According to the Court of Appeal, even if there is no contract for services, you might be on the hook to pay compensation (even for pure financial loss) if you get it wrong.

In Burgess v Lejonvarn, Ms Lejonvarn offered to assist her friends the Burgess', by providing them with free design and project management services in relation to an extensive landscaping project for their garden. There was no formal contractual arrangement, although it was suggested that she might be paid if she undertook detailed design work at a later stage.

As the project progressed, it became apparent that there were difficulties with both the standard of the works and rising costs. The Burgess' terminated their professional and personal relationship with Ms Lejonvarn, engaged another landscape designer and issued proceedings to recoup their losses.
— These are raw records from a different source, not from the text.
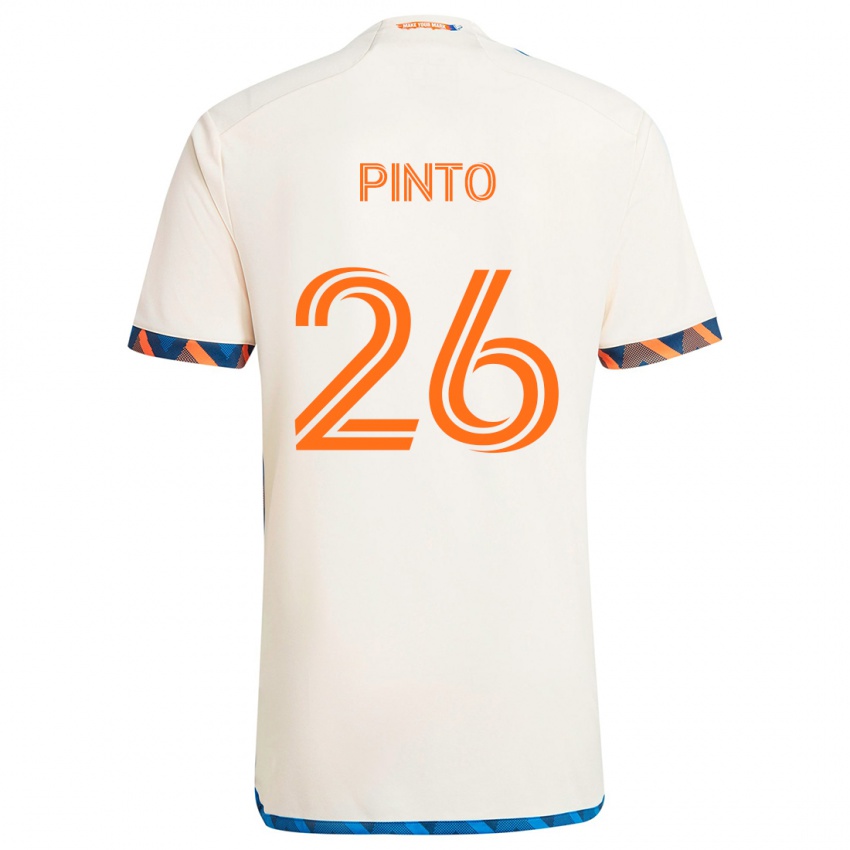 Niño Camiseta Malik Pinto #26 Blanco Naranja 2ª Equipación 2024/25 La Camisa Chile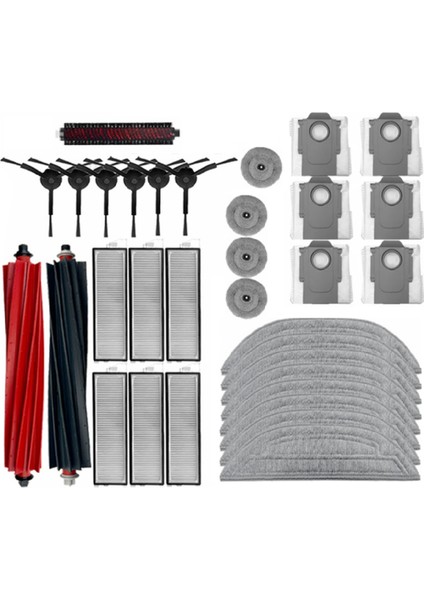 33PCS Roborock Için Aksesuar Kiti S8 Maxv Ultra Robot Vakum Yedek Parçalar Ana Yan Fırçalar Mop Hepa Filtreleri Toz Çanta (Yurt Dışından)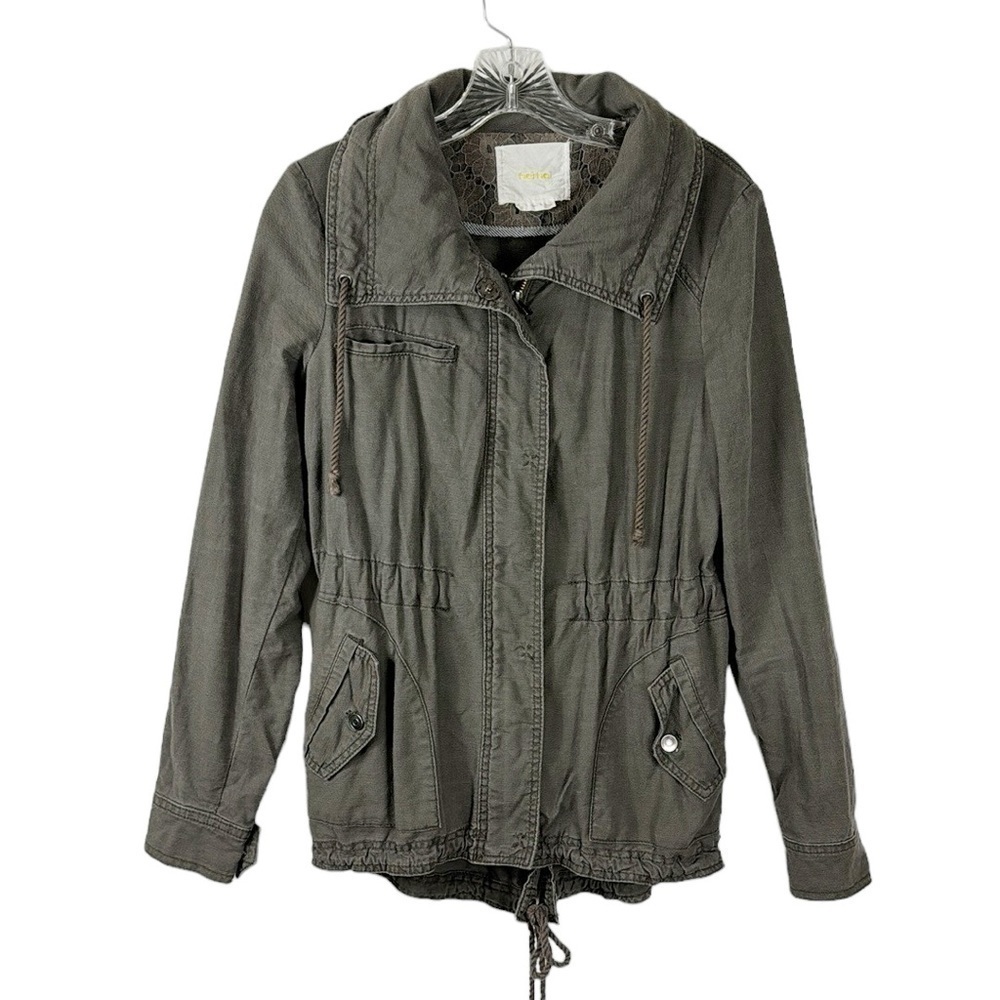 Anthropologie Hei Hei Military Field Utility Jacket Women S‎ Olive Green Pockets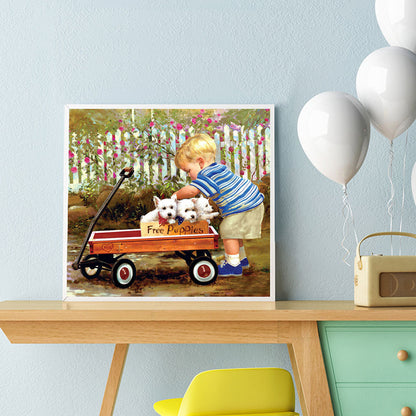 Little Boy With Pulling Cart - Full Round Drill Diamond Painting 40*40CM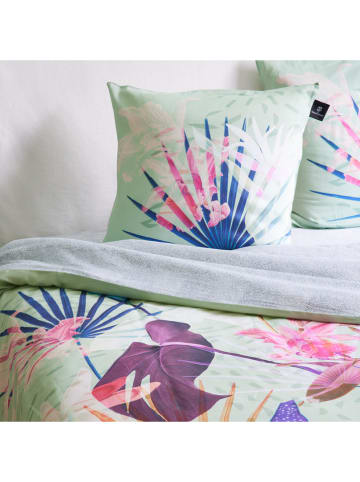 CXL by Christian Lacroix Komplet pościeli satynowej w kolorze zielonym ze wzorem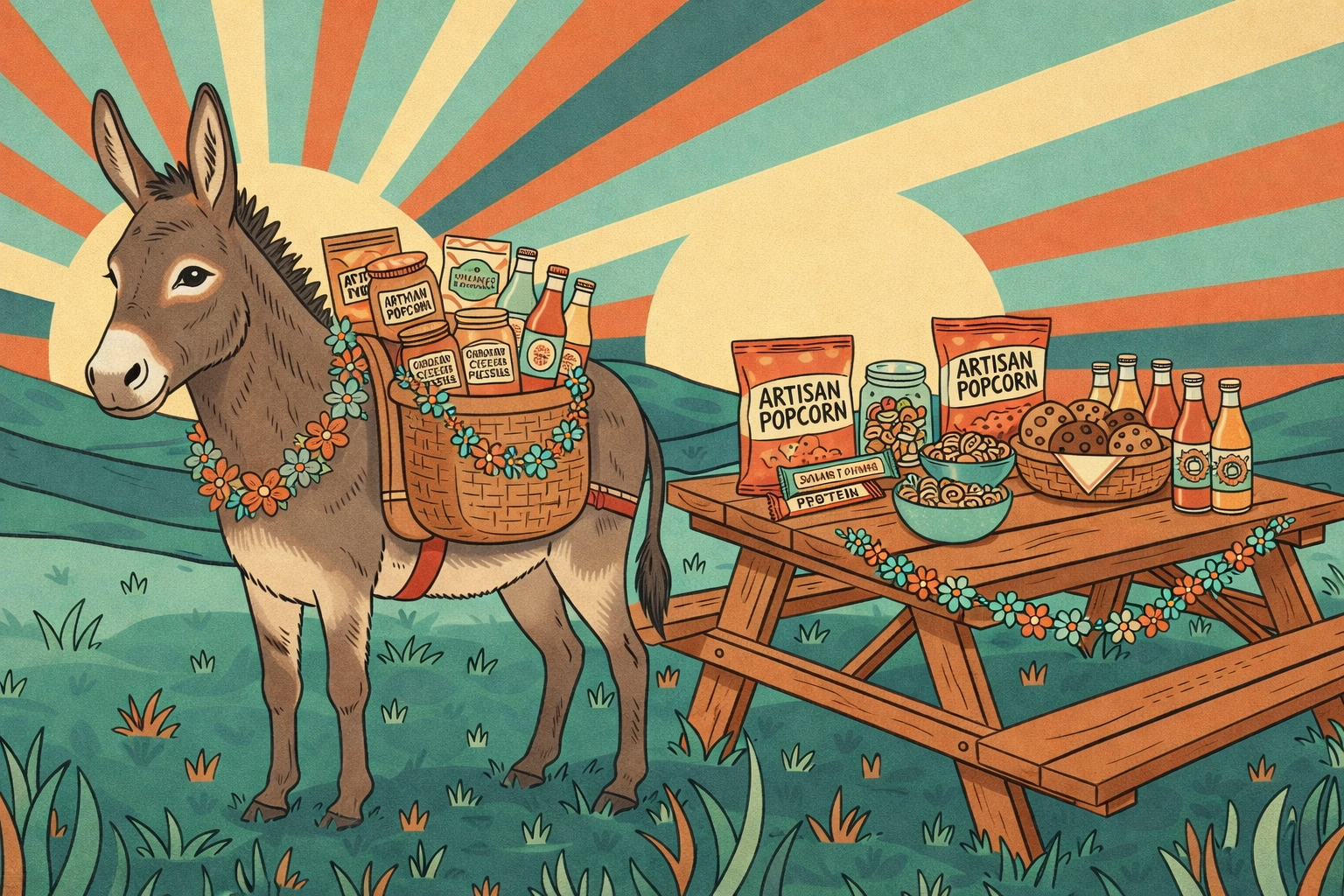 Donkey delivering snacks and drinks at Cowabunga Camp picnic table setup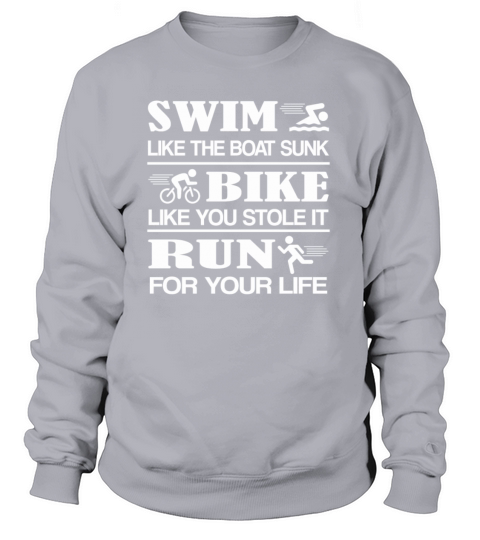 Swim Boat Bike Stole Run Life Triathlon Women's Sweatshirt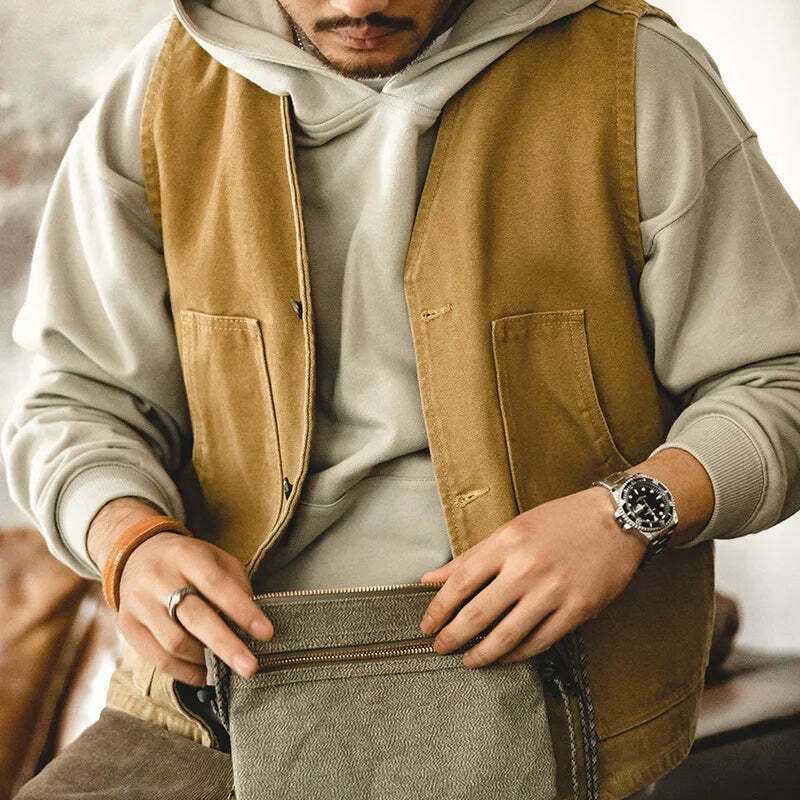 Y2K Aesthetic Canvas Workwear Vest - Coquette Grunge Fashion with Pastel Goth Vibes Y2K Aesthetic Canvas Workwear Vest - Coquette Grunge Fashion with Pastel Goth Vibes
In the High Court the judge decided that although there was no contract, Ms Lejonvarn had a duty of care as a professional consultant and was liable to the Burgess; for their economic (money) losses resulting from the defective works, as well as for the increase in the original budget. Ms Lejonvarn appealed, mainly on the grounds that the court was wrong to find that a duty of care existed. The Court of Appeal rejected her arguments in their entirety and unanimously upheld the decision of the lower court.

Whilst this is a case which turns on its facts, it provides authoritative guidance for professionals on how a court might establish whether a duty of care has arisen and importantly, the types of losses potentially recoverable. It is generally accepted that pure economic loss is not normally recoverable without a contract, subject to particular exceptions. One of these is where there has been a voluntary assumption of responsibility for advice or services, where the professional knows or ought to have known that these would be relied upon. The result is that the relationship between the parties will be treated by a court as something like a contractual one. Even though Ms Lejonvarn was not obliged by a contract to actually carry out the services offered, the court found that if she did so, then she was obliged to perform them with reasonable skill and care.

The Court of Appeal's decision will not catch the type of advice given informally to a friend, but if the circumstances support a more formal, commercial type of reliance, then even if the professional has acted without a fee, he or she could be obliged to compensate the other person not only for actual damage, but also for their monetary losses. The main lesson to be learned from this (in the words of the Judge), "cautionary tale" is to be certain that when giving professional advice, both parties are clear on the extent of the reliance which has been agreed, or could reasonably be expected and, crucially, the possible outcomes (including whether any professional indemnity insurance will respond) if all does not go to plan.